*Provided information*:

>>>>

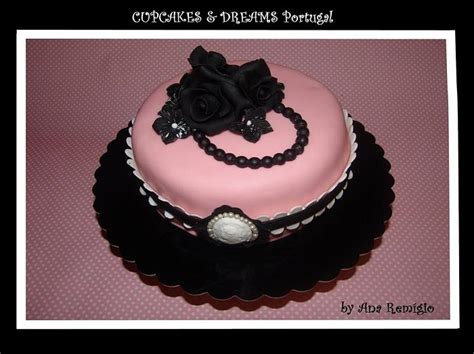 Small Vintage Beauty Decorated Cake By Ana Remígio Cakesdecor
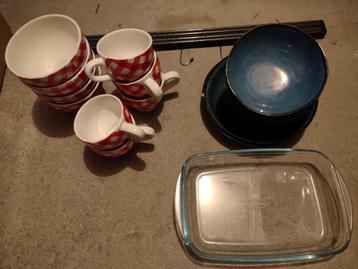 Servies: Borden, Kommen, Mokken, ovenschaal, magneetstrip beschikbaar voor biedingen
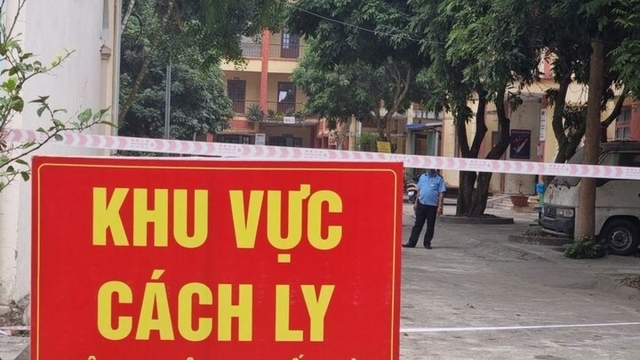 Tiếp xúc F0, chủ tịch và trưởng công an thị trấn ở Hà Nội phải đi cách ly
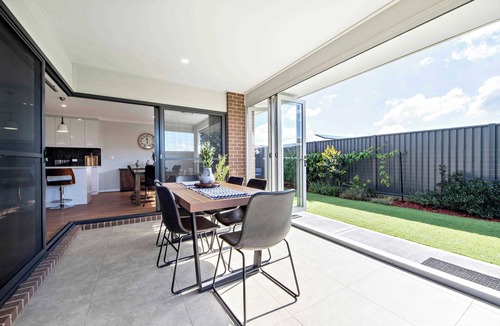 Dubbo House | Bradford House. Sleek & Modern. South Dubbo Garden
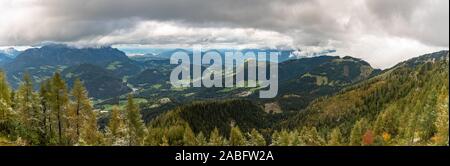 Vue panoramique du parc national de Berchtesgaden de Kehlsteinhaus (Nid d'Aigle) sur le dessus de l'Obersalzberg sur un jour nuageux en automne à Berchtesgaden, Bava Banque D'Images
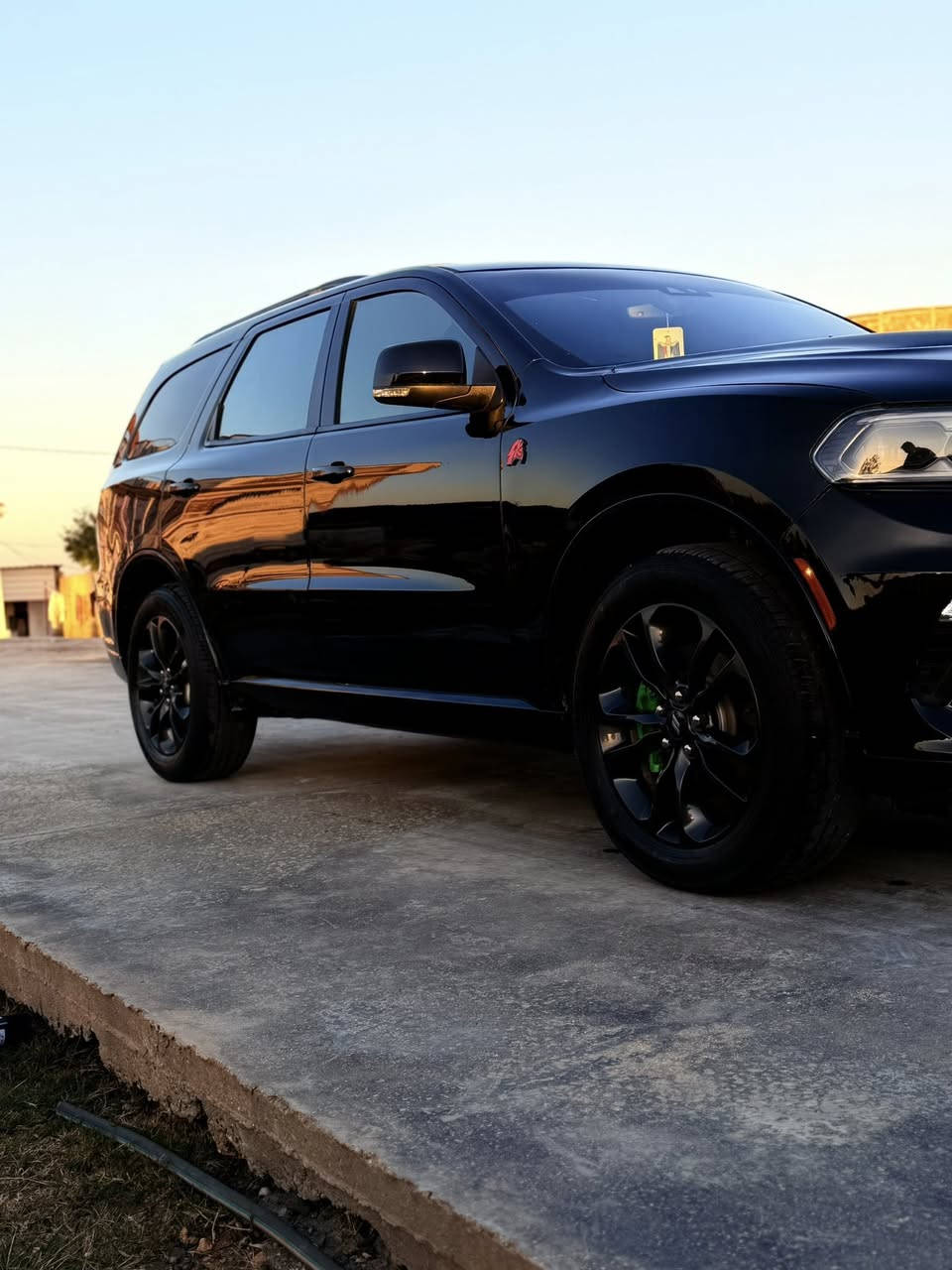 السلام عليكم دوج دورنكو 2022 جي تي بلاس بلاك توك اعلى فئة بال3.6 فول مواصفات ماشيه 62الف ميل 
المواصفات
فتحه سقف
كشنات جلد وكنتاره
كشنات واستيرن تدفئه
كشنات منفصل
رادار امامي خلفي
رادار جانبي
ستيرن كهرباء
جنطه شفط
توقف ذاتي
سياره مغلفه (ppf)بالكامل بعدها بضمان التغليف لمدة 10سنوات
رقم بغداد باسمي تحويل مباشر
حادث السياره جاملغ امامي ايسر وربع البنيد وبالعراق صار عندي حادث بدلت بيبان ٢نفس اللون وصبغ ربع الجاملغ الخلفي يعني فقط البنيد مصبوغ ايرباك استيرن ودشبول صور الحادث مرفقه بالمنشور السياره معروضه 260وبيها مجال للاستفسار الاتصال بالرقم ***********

<<<<

*Problem description*:
Word for word, restate the lines above from the first through the one that contains "Tiếp xúc F0, chủ", and exclude all pictures.

*Solved problem*:
 Small Vintage Beauty Decorated Cake By Ana Remígio Cakesdecor
 Servies: Borden, Kommen, Mokken, ovenschaal, magneetstrip beschikbaar voor biedingen
 Tiếp xúc F0, chủ tịch và trưởng công an thị trấn ở Hà Nội phải đi cách ly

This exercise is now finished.